**WHAT TO WORK ON**
Taking the entries below, transcribe only the lines starting with the one with "3563 Magnificent Way, Clovis, CA" and going on through the one with "The work of", exactly as written, without the pictures.

++++

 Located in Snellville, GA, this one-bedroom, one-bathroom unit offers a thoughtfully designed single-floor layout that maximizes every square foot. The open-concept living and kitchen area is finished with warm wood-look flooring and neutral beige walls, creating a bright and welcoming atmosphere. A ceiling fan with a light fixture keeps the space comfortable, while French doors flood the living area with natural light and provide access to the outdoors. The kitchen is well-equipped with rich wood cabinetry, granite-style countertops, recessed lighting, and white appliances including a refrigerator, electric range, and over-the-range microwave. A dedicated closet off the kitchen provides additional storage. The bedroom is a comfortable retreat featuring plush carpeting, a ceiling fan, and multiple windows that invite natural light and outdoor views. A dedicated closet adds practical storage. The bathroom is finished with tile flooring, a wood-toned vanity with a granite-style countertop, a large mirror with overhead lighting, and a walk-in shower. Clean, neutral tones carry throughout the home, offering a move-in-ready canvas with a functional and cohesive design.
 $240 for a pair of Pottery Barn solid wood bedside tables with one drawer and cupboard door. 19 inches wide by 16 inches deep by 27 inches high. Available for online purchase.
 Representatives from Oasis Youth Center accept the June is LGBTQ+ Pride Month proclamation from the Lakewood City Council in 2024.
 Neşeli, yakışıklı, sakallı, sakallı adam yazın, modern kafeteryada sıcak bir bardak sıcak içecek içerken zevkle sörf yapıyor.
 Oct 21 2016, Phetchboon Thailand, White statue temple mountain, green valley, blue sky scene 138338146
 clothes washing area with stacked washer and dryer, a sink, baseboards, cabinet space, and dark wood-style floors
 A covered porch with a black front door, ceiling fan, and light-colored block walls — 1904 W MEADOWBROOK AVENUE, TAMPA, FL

++++

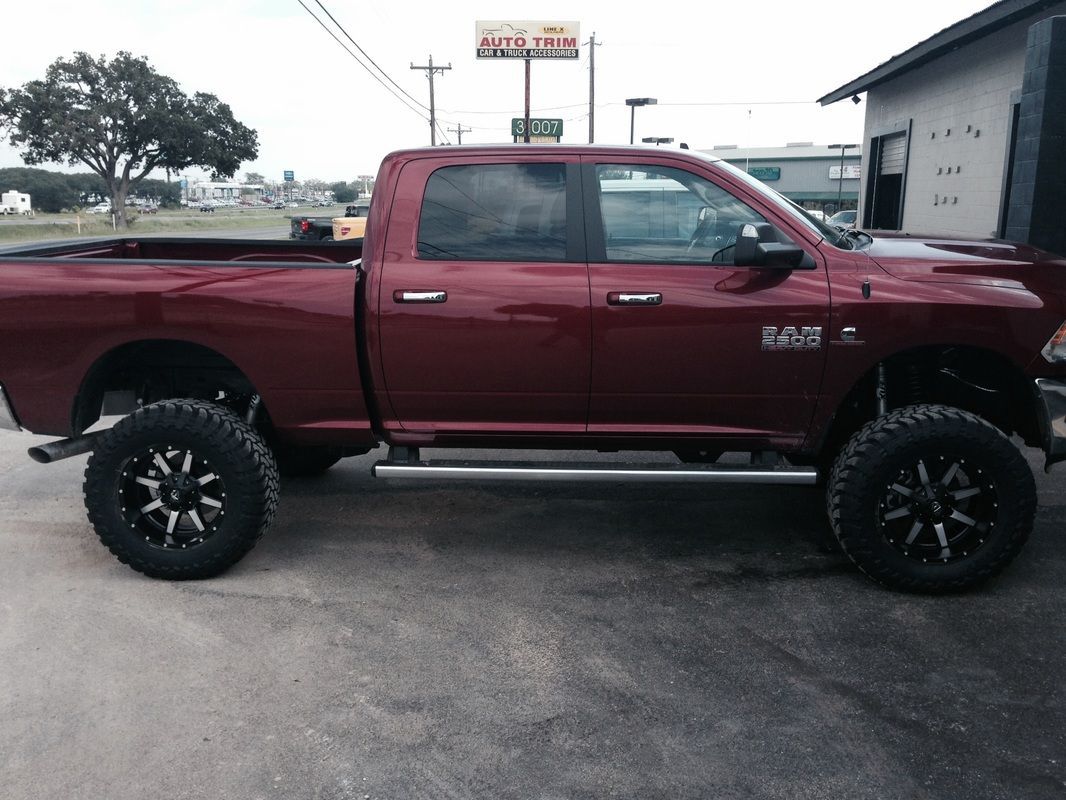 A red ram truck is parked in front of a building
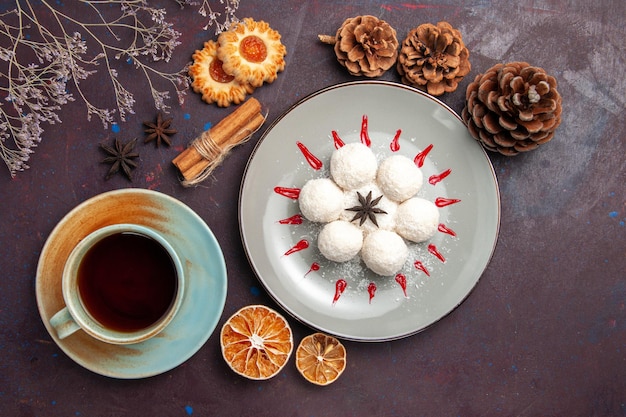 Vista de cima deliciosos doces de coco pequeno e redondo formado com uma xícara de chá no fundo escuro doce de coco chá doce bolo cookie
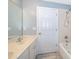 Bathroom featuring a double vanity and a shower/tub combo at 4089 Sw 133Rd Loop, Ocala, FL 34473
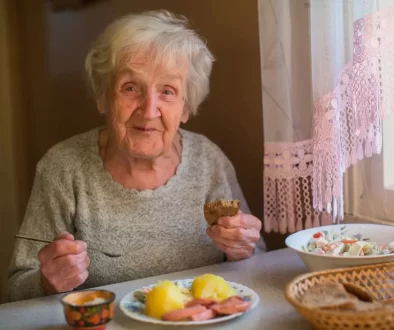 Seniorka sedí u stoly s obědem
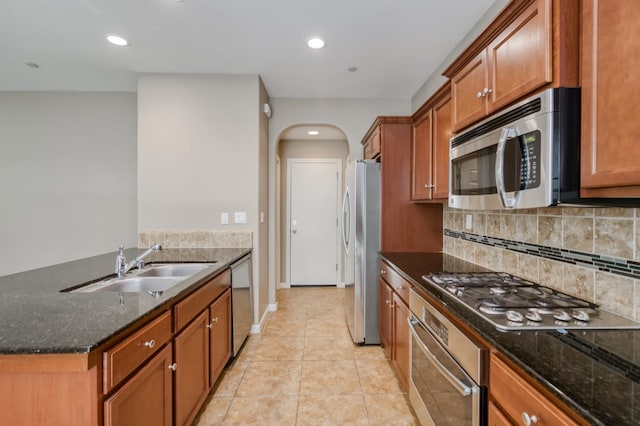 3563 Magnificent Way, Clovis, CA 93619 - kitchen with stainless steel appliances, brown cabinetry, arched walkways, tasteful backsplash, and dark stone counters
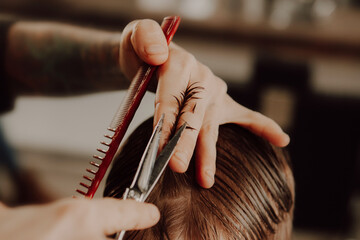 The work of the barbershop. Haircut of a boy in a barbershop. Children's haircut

++++

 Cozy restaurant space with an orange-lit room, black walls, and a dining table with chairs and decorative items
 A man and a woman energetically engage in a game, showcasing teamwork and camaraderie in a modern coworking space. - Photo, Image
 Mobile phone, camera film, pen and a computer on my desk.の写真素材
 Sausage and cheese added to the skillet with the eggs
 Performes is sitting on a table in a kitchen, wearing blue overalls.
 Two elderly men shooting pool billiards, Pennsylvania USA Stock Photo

++++

**REPLY TO THE EXERCISE**
 3563 Magnificent Way, Clovis, CA 93619 - kitchen with stainless steel appliances, brown cabinetry, arched walkways, tasteful backsplash, and dark stone counters
 The work of the barbershop. Haircut of a boy in a barbershop. Children's haircut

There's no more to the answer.